In Depth: Global Supply Chain  Making Global Supply Chains Work

For many supply and demand chain practitioners, globalization isn't a newfound political issue; it's a reality they've been contending with for years. As companies have sought to lower their costs and expand their markets by taking a more international...


For many supply and demand chain practitioners, globalization isn't a newfound political issue; it's a reality they've been contending with for years. As companies have sought to lower their costs and expand their markets by taking a more international approach to the way they source, build and sell their products, globalization is adding new challenges and bringing new opportunities to the supply and demand chain.

[From Supply & Demand Chain Executive, August/September 2004] Lance Throneberry doesn't have any illusions about the challenges involved in building a truly global supply chain.
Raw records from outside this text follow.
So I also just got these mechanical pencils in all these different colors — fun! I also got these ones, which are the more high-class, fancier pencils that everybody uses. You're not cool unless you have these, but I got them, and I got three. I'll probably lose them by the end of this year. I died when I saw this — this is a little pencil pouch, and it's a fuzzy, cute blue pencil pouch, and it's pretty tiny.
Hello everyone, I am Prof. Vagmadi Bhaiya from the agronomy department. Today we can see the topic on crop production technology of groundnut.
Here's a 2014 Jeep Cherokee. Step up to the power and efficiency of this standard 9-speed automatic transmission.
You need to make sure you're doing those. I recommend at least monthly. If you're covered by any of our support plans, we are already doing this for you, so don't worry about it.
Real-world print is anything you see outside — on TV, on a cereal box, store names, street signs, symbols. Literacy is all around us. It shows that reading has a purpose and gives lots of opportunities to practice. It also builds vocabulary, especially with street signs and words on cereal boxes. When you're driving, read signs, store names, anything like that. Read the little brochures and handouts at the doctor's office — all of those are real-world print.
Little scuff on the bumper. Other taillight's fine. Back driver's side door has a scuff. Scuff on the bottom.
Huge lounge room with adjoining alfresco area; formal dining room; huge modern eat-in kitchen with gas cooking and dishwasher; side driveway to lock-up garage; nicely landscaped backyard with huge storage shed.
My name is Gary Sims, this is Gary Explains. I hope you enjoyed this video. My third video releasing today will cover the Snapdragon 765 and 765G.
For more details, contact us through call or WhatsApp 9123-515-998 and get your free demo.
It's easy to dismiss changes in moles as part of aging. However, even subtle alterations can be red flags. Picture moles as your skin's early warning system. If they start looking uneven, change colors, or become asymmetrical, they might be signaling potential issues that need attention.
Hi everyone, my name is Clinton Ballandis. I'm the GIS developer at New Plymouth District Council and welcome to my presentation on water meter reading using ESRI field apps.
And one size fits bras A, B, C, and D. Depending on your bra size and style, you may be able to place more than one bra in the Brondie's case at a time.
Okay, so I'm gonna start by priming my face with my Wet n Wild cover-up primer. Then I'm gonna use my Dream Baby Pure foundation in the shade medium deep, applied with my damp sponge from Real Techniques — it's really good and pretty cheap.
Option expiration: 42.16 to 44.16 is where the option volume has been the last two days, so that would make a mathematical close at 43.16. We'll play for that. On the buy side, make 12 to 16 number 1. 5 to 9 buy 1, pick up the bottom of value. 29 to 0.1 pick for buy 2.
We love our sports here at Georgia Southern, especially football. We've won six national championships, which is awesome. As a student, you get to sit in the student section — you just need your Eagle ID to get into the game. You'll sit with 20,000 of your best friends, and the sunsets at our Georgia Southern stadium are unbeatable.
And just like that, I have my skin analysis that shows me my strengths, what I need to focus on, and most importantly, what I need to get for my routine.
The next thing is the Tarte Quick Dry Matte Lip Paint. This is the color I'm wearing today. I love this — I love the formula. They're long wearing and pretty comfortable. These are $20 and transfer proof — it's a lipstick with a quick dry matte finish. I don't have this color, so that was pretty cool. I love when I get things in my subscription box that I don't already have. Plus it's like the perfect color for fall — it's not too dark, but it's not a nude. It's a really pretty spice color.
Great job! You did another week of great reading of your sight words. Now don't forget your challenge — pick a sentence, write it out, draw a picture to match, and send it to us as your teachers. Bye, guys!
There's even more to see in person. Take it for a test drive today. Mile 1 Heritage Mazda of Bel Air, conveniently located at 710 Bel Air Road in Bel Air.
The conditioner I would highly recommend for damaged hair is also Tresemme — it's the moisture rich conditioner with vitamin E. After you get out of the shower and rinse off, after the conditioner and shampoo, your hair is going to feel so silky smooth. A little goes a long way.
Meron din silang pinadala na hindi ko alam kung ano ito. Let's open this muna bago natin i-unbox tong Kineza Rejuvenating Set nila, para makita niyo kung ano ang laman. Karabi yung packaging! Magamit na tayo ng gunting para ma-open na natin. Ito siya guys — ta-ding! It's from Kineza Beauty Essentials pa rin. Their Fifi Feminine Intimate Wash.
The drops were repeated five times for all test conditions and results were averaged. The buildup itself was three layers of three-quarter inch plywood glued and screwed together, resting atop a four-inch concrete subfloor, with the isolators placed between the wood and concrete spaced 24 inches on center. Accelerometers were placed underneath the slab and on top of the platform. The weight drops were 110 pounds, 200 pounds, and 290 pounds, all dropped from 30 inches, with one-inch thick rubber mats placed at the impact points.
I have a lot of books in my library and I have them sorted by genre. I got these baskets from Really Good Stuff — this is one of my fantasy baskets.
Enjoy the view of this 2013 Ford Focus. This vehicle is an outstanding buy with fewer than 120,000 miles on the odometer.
In fact, as Throneberry, who is director of strategic sourcing and eBusiness at Denver-based Newmont Mining Corp., ticks off many of the potential pitfalls one by one, you get the idea that he's been over this list more than once. "The challenges will be culture, language, dealing with local economies and currencies, local governments," he says, before adding time differences, geographic dispersion, country-specific processes, currency risks, technology hurdles, regulatory variations, and legal risks. "And the list goes on and on," he concludes with a chuckle.

Throneberry is heading up a project to link the $3.2 billion gold producer's own divisions and its supply base around the world in a unified global supply network. Like many supply and demand chain executives these days, he has found that globalization is adding new layers of complexity to the supply chain, along with considerable opportunities for achieving efficiencies and winning new markets, as barriers to commerce fall across the world. This article will look at how Newmont, communications equipment and software company Avaya, and footwear company Wolverine World Wide are tackling these issues in their efforts to build more global supply chains, while separate articles elsewhere in this special report will examine such aspects of the global supply and demand chain as the hidden costs of offshoring and the challenge of ensuring security of supply in the lean, global supply chain.

The Global Reality

The size, scope and growth of global trade are inescapable. In hard numbers, World Trade Organization (WTO) data show that between 1993 to 2003 world merchandise exports nearly doubled, rising from $3.67 trillion to $7.27 trillion. As a percentage of the total world economy, technology consultancy Aberdeen Group, in its July 2003 "Global Trade Management Benchmark Report," cited WTO statistics indicating that "nearly 30 percent of world gross domestic product (GDP) currently crosses borders." Furthermore, Deloitte Research reported in its recent study "Mastering Complexity in Global Manufacturing," based on a survey of nearly 600 U.S. and European executives, that 80 percent of manufacturers in those regions currently purchase, or plan to purchase in the next three years, components or goods produced outside their home countries.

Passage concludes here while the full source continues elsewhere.